Short descriptive text snippets
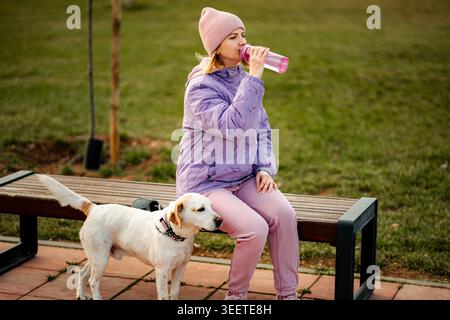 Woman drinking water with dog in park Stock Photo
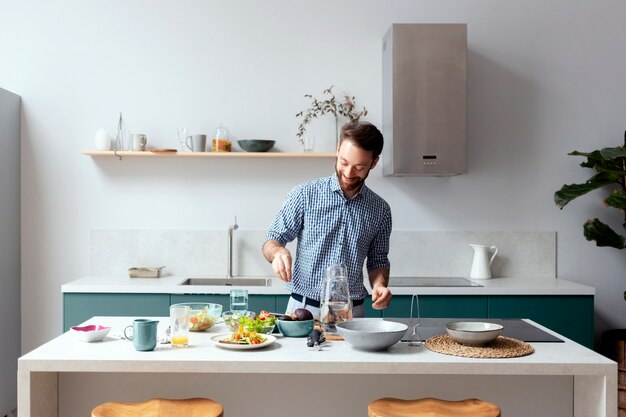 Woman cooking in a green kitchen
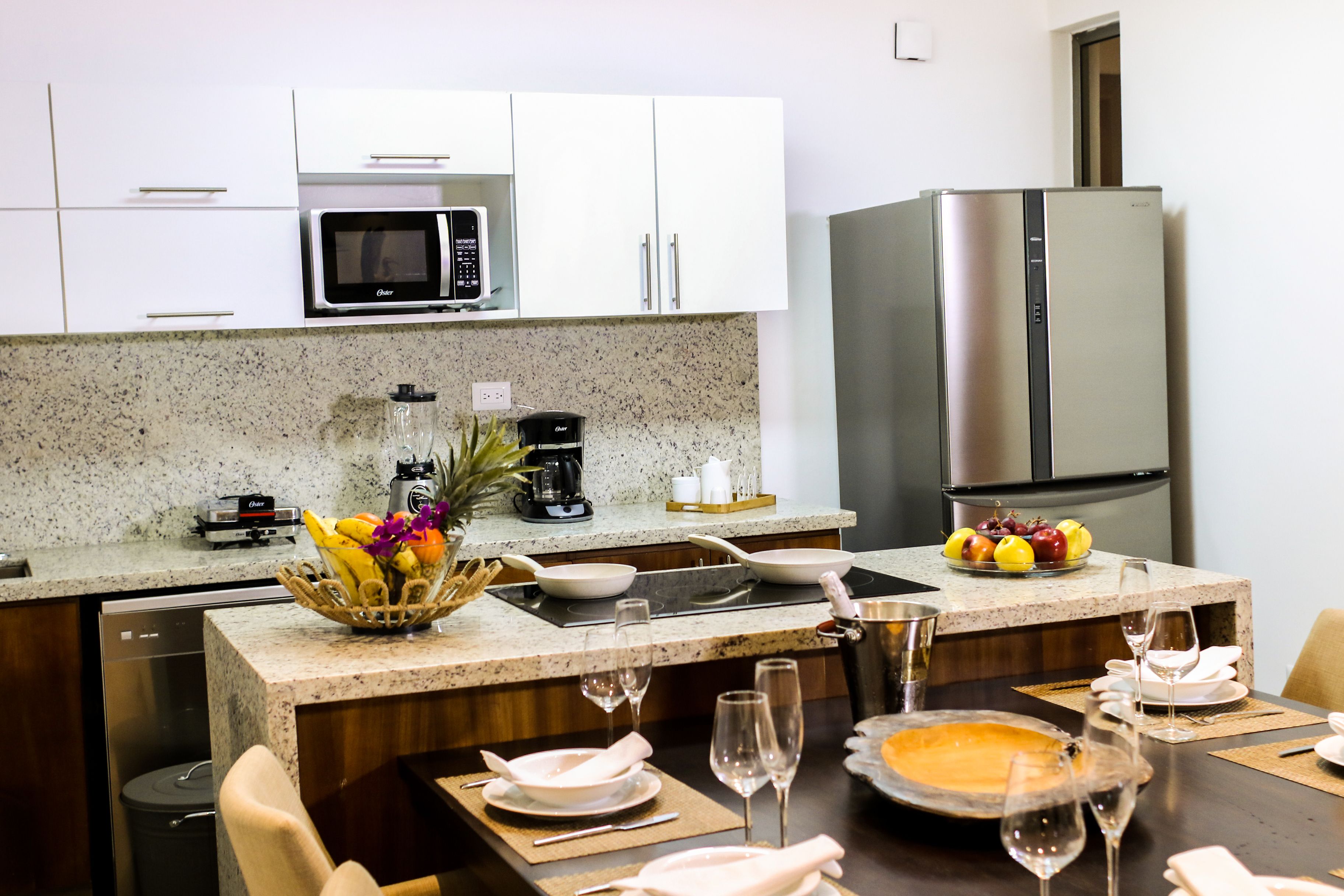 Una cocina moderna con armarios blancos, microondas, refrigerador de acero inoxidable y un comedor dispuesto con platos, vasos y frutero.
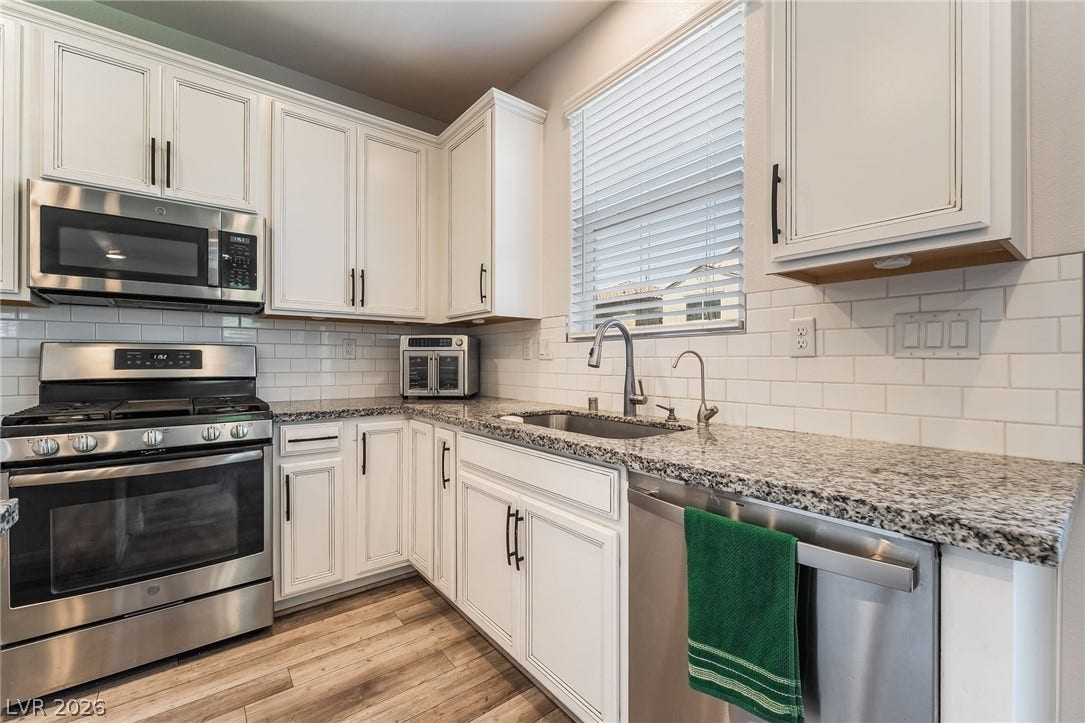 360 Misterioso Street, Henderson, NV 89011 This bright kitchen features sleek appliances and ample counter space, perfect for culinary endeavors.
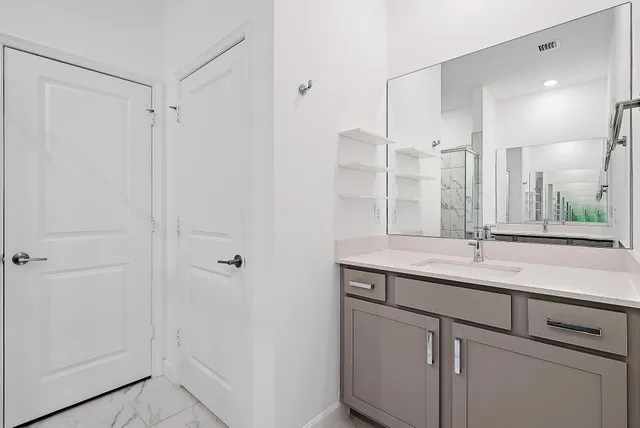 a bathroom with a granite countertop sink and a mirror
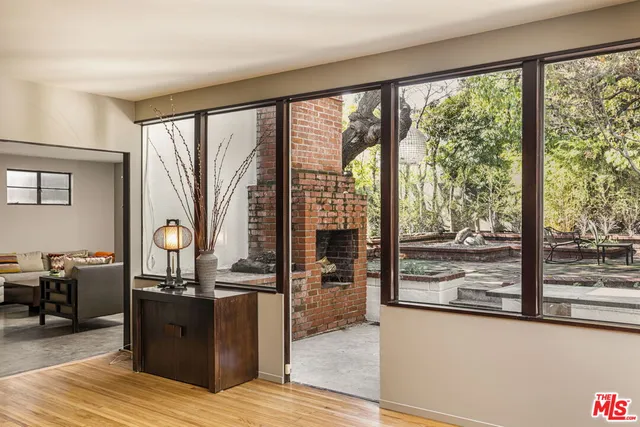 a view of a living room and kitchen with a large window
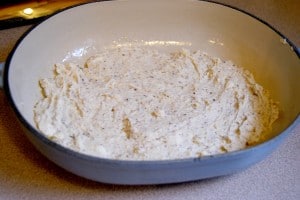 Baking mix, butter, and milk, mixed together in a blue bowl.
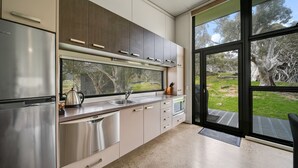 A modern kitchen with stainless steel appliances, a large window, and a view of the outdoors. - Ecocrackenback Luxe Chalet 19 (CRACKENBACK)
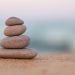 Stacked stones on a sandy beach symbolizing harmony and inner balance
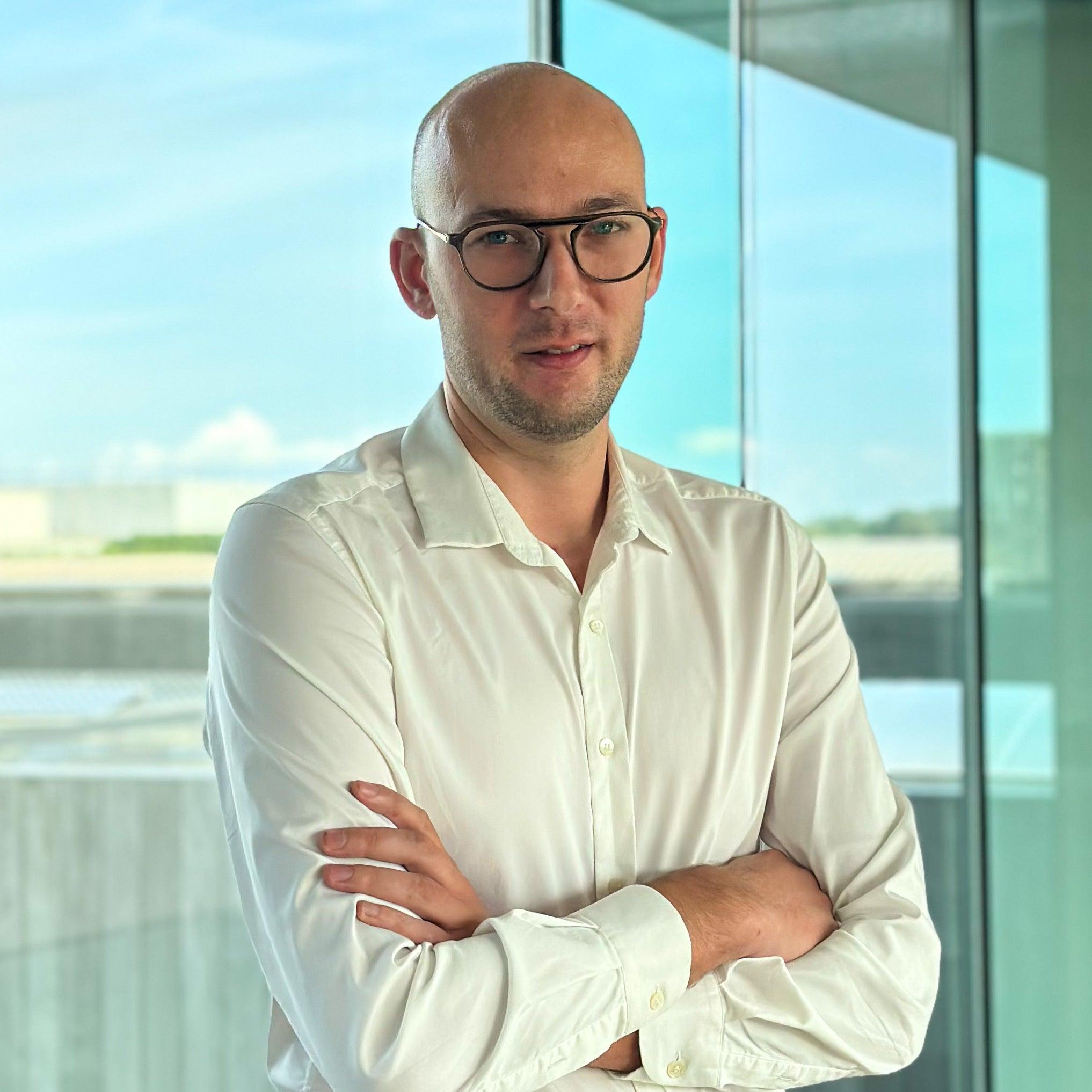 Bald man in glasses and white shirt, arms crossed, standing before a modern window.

> _WHAT THIS TASK INVOLVES_: Nothing but the lines above from the one that has "Woman cooking in a green kitchen" down to the one that has "a bathroom with" belongs in the answer, copied exactly, without pictures.

> _SOLUTION TO THE EXERCISE_:
 Woman cooking in a green kitchen
 Una cocina moderna con armarios blancos, microondas, refrigerador de acero inoxidable y un comedor dispuesto con platos, vasos y frutero.
 360 Misterioso Street, Henderson, NV 89011 This bright kitchen features sleek appliances and ample counter space, perfect for culinary endeavors.
 a bathroom with a granite countertop sink and a mirror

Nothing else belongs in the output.